YOUR TASK =
Which lines of the entries below run from the one holding "Used 2017 Chevrolet Cruze LT image 6" to the one holding "Tráiler cargado con", inclusive? Set down exactly those lines and no others.

Segment Start: SUPPLIED MATERIAL

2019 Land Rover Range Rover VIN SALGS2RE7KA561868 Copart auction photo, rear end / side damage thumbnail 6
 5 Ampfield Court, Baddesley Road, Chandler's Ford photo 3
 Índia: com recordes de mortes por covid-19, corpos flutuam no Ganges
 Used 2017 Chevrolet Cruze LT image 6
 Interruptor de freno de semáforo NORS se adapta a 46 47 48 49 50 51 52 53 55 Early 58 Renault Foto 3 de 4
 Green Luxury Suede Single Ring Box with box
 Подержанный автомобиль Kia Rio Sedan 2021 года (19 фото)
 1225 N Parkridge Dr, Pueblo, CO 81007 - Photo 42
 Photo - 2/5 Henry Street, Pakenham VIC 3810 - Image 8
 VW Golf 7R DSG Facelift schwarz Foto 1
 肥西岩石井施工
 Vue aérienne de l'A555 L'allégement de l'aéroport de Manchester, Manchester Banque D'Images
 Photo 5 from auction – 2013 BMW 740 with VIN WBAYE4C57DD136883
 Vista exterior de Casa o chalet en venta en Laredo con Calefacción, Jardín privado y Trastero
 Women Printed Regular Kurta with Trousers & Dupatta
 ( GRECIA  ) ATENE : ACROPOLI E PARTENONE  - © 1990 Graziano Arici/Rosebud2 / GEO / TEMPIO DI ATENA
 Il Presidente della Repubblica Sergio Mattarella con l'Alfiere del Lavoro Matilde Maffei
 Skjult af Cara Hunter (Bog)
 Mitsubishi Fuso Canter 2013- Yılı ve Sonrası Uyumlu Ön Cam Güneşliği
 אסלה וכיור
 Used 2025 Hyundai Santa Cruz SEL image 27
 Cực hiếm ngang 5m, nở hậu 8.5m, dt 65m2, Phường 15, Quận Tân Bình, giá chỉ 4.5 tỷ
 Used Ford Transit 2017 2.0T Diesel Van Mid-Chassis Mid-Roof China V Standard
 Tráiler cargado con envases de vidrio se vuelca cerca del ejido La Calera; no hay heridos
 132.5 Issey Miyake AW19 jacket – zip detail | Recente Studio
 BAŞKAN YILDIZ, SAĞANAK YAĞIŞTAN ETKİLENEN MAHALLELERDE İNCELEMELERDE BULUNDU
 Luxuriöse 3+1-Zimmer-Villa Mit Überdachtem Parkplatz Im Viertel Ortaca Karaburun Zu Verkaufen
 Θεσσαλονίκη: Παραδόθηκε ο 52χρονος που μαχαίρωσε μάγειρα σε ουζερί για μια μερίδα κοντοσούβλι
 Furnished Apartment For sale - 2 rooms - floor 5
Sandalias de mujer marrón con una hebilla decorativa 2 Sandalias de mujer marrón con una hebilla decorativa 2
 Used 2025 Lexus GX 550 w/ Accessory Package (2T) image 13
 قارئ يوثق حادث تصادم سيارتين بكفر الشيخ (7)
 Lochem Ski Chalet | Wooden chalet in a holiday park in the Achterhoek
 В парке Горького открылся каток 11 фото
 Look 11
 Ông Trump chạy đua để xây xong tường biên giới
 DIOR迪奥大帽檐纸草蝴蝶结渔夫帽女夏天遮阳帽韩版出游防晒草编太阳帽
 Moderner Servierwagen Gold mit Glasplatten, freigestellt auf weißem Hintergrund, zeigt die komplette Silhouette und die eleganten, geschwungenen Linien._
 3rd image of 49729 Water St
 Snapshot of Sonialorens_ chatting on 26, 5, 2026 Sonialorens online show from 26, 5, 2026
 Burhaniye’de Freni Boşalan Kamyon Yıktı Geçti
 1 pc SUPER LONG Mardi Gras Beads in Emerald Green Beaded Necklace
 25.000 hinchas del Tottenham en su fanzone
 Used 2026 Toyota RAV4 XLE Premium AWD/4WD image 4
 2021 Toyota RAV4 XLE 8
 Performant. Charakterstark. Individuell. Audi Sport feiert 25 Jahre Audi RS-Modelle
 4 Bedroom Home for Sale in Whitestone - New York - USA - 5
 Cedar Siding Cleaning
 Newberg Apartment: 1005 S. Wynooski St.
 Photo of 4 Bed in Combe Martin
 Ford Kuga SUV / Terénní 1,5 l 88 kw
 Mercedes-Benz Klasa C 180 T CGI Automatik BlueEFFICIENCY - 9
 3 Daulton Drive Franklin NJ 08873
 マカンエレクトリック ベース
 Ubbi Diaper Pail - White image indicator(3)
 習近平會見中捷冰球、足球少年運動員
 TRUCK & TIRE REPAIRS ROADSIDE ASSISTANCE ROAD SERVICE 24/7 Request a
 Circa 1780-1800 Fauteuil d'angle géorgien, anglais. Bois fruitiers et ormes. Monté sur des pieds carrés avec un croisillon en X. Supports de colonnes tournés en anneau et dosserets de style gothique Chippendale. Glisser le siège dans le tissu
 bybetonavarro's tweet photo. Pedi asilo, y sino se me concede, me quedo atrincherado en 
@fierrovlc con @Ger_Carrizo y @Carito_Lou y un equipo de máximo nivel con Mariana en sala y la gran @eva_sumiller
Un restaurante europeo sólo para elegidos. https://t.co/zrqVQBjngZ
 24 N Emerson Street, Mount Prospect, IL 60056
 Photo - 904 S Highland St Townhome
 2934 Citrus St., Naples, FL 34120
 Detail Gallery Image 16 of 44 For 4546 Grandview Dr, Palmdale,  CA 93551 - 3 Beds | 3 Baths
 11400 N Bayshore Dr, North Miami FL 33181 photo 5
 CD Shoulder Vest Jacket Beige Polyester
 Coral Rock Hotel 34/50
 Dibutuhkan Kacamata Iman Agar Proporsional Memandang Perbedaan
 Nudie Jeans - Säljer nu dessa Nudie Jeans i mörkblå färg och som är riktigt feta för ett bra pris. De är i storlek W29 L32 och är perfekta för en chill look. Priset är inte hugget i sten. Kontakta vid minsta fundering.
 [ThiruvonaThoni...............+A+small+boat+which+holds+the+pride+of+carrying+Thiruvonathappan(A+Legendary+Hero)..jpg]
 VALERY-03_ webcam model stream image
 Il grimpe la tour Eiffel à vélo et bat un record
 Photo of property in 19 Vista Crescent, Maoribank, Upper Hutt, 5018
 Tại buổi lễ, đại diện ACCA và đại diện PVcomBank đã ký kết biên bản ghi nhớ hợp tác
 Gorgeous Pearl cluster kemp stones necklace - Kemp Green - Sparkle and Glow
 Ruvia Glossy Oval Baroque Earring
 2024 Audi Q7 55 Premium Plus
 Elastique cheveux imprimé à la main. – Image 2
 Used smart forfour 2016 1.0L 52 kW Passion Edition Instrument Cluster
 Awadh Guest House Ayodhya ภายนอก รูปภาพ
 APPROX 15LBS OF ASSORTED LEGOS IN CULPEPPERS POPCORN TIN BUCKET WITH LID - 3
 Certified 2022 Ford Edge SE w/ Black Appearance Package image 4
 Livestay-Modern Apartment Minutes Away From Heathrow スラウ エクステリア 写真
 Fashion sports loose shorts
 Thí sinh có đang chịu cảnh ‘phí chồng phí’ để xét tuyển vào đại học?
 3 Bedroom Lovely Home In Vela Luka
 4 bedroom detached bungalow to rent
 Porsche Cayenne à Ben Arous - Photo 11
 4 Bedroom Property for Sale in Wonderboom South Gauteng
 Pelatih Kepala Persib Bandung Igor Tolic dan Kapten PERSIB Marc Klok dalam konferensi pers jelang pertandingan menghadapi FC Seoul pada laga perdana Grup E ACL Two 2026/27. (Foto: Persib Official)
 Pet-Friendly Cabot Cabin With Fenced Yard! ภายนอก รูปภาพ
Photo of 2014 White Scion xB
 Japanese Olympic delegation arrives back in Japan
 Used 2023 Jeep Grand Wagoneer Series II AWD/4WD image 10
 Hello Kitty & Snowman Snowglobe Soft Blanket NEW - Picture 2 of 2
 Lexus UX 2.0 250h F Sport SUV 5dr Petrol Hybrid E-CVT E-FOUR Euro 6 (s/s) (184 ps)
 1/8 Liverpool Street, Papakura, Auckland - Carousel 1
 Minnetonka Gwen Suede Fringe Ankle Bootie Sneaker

Segment End: SUPPLIED MATERIAL

WRITTEN REPLY =
 Used 2017 Chevrolet Cruze LT image 6
 Interruptor de freno de semáforo NORS se adapta a 46 47 48 49 50 51 52 53 55 Early 58 Renault Foto 3 de 4
 Green Luxury Suede Single Ring Box with box
 Подержанный автомобиль Kia Rio Sedan 2021 года (19 фото)
 1225 N Parkridge Dr, Pueblo, CO 81007 - Photo 42
 Photo - 2/5 Henry Street, Pakenham VIC 3810 - Image 8
 VW Golf 7R DSG Facelift schwarz Foto 1
 肥西岩石井施工
 Vue aérienne de l'A555 L'allégement de l'aéroport de Manchester, Manchester Banque D'Images
 Photo 5 from auction – 2013 BMW 740 with VIN WBAYE4C57DD136883
 Vista exterior de Casa o chalet en venta en Laredo con Calefacción, Jardín privado y Trastero
 Women Printed Regular Kurta with Trousers & Dupatta
 ( GRECIA  ) ATENE : ACROPOLI E PARTENONE  - © 1990 Graziano Arici/Rosebud2 / GEO / TEMPIO DI ATENA
 Il Presidente della Repubblica Sergio Mattarella con l'Alfiere del Lavoro Matilde Maffei
 Skjult af Cara Hunter (Bog)
 Mitsubishi Fuso Canter 2013- Yılı ve Sonrası Uyumlu Ön Cam Güneşliği
 אסלה וכיור
 Used 2025 Hyundai Santa Cruz SEL image 27
 Cực hiếm ngang 5m, nở hậu 8.5m, dt 65m2, Phường 15, Quận Tân Bình, giá chỉ 4.5 tỷ
 Used Ford Transit 2017 2.0T Diesel Van Mid-Chassis Mid-Roof China V Standard
 Tráiler cargado con envases de vidrio se vuelca cerca del ejido La Calera; no hay heridos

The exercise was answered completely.